I just didn’t love playing it.
This is probably more about my own inadequacies than any of the game, but I found myself completely stymied by two things:
The controls: I’m not new to isometric gaming, nor keyboard gaming, but intuitively I found myself thinking that the upper-left direction was “up” and not “left” as coded for the game. There are only a few areas to explore but because my hand would not adapt to the game’s cardinal north, I found navigating terribly frustrating. This could also be due to the starting area, where the exit is found in the upper left.
The dialog: I’m all for a game that’s based solely on dialog, but I would have liked to see conversation choices that I had already run through eliminated, especially as you gain more information or meet more characters there are more items to scroll through. As with the movement controls, this is only done through the arrow keys and by the time I tap down to the newest topic of discussion, I’ve forgotten why I’m even asking.
I played one time last night after seeing it mentioned on Twitter. I went in with the best intentions and felt frustrated by the controls. I decided to leave it for the day and come back to it fresh in the morning. Unfortunately, I had the same issues, my right hand unwilling to reorient itself to the controls and the incessant down-arrowing to get past old dialog became stale quickly. I proceeded further than yesterday, but I can’t say that I found the second play-through better than the first.

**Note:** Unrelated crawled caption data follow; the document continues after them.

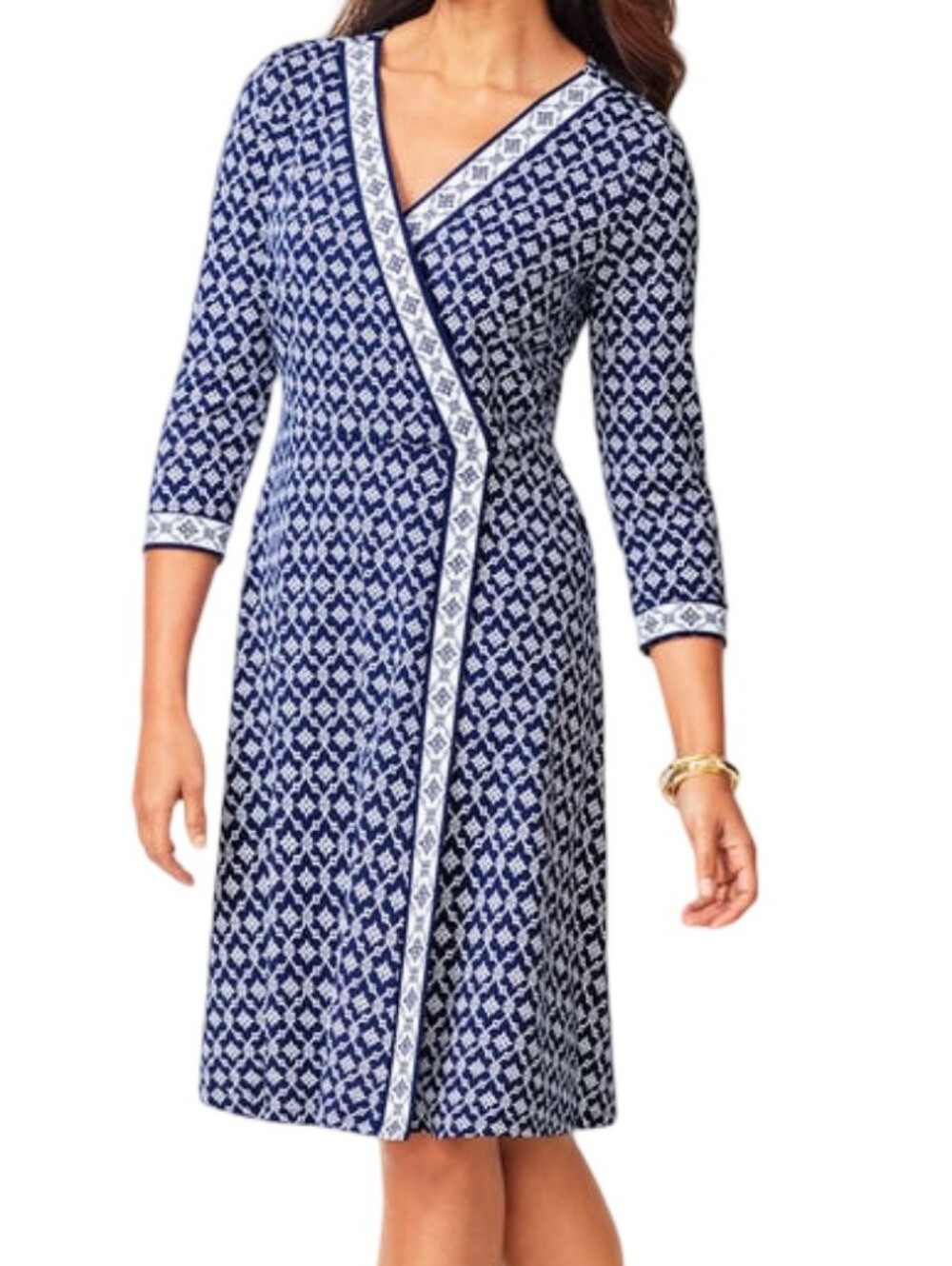 TALBOTS Navy White Geo Faux Wrap Dress XS 3/4 Sleeve V-Neck Jersey Knit Office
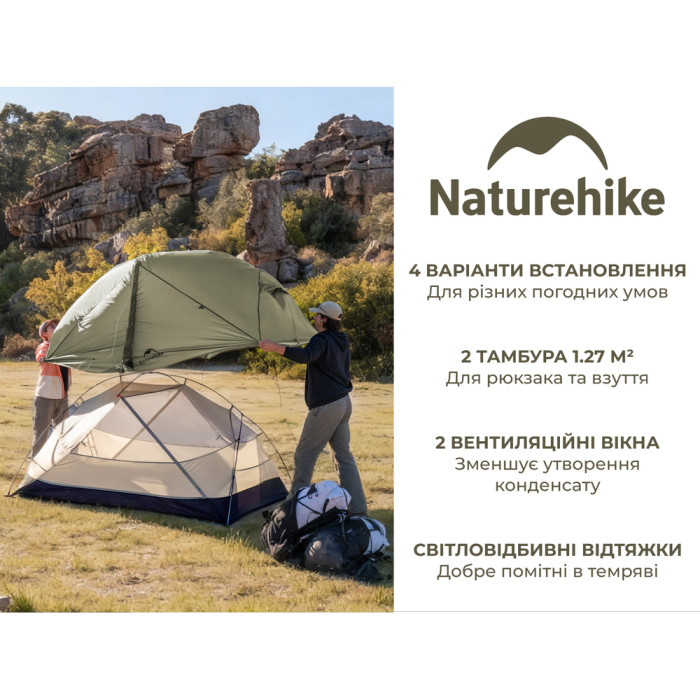 Палатка сверхлегкая двухместная Naturehike Mongar Hiking Tent Pro CNK2550WS037, 20D, зеленый  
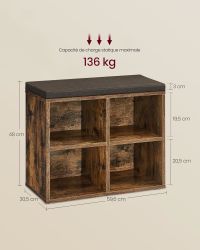 Banc à Chaussures 4 Paires Rustique - dimensions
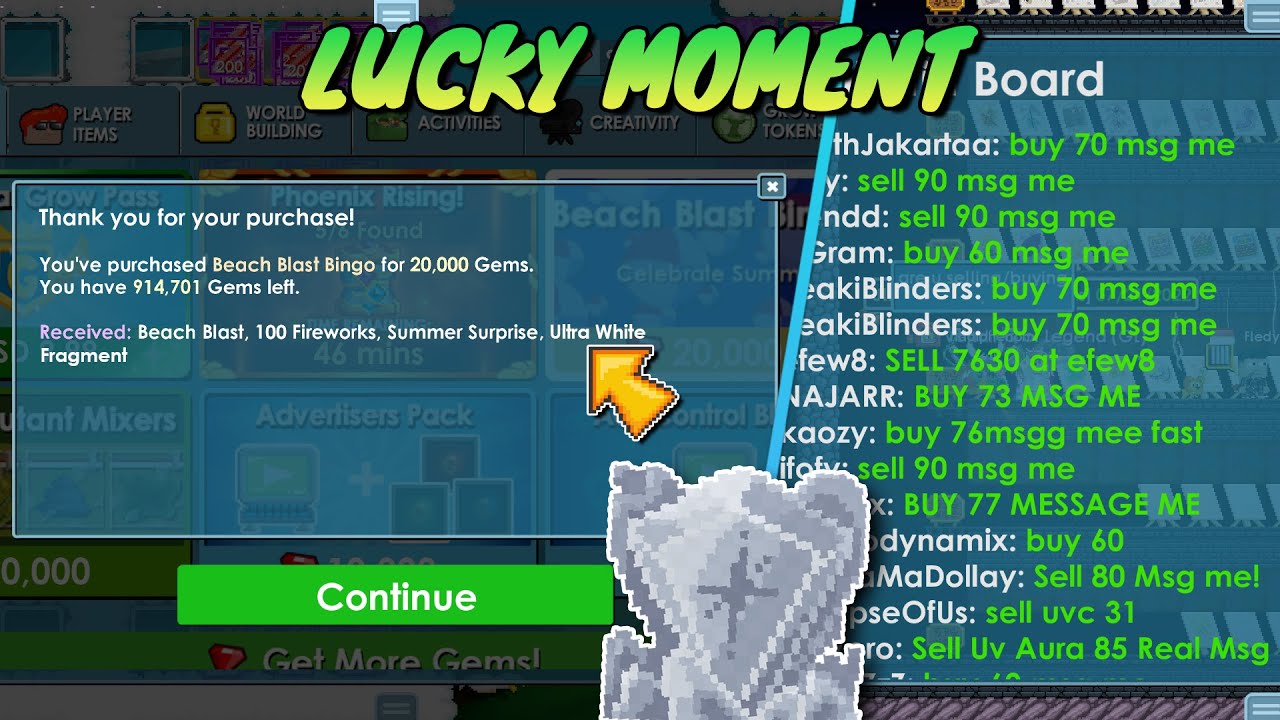 LUCKY MOMENT!! GETTING ULTRA WHITE FRAGMENT [ WORTH 80 DL]😍 | Growtopia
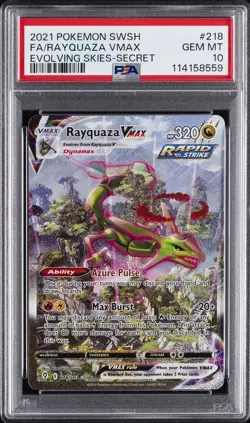 2021 POKEMON SWORD & SHIELD EVOLVING SKIES SECRET FULL ART/RAYQUAZA VMAX PSA 10 - Image 1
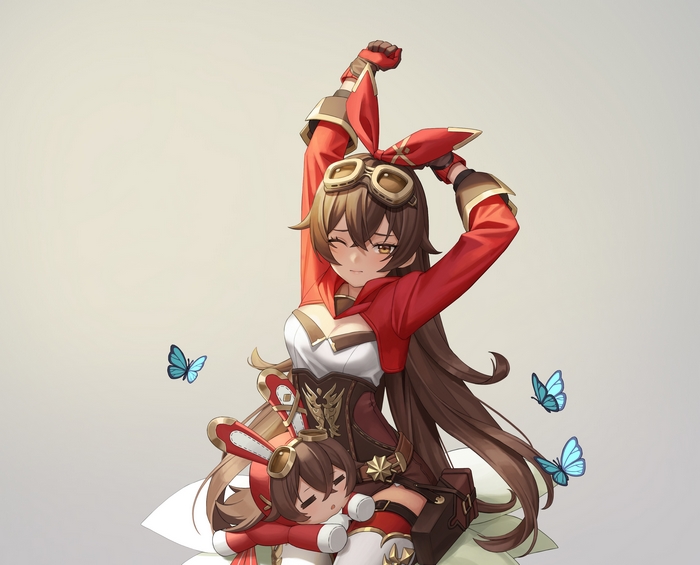 Amber from Genshin Impact with a smaller version of herself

“The Night Henry Allen Died” is a potentially interesting game, particularly in its story…goal(?), however some basic control issues keep it from being a more immersive narrative.

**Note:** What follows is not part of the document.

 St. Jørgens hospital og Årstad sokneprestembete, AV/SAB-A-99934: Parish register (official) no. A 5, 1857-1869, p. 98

Continuing the Renaissance of Girl Adventurer’s Casual Reviews, I combed the last few weeks of Weekday Escapes over at JayIsGames.com. Apparently ole “Jay” is looking for writers, and yours truly was dang near ready to log into my Prodigy email account and send over an how-do-ya-do. Buuuut, perhaps let’s wait until I’ve had more than a few reviews spread over a four year period, ya?
This little gem caught my eye, and while the quick write-up in the original post didn’t make much sense of the SBK escape game, those commenting picked up on its charm. The cliché description would be “escape room inception,” yet, that is also the best description. The gameplay is what you would expect from escape games, but the twist in SBK was delightful. With each, let’s call it an iteration, I found myself smiling at the creator’s cheekiness. Well done.
SBKMan’s other games include: Cat Escape (猫の脱出）- which is adorable and features a cat that shoots invisible lasers (apparently); Charlotte’s Room and Charlotte’s Room 2 (I admit I got stuck on this one) which work as companions to Cat Escape (if not early proof of concept). Desk (机) is frustratingly adorable, yet the only thing you have to escape is your own messy surface. It was nice to discover SBKMan’s games and not suffer through the 400th version of Monkey Go Happy.
Sometimes the Weekday Escape at Jayisgames.com pisses me off. Actually, it’s these damn Candy Room games that piss me off – and I KEEP PLAYING THEM. An easy way to spend ten minutes while putting off things that actually earn me money – brains are weird.
Another room, similarly set up with a new design layout. Think of an escape room game played on the set of Changing Rooms (not the terrible US remake that was Trading Spaces) and you’ll get an idea of what Candy Room’s about.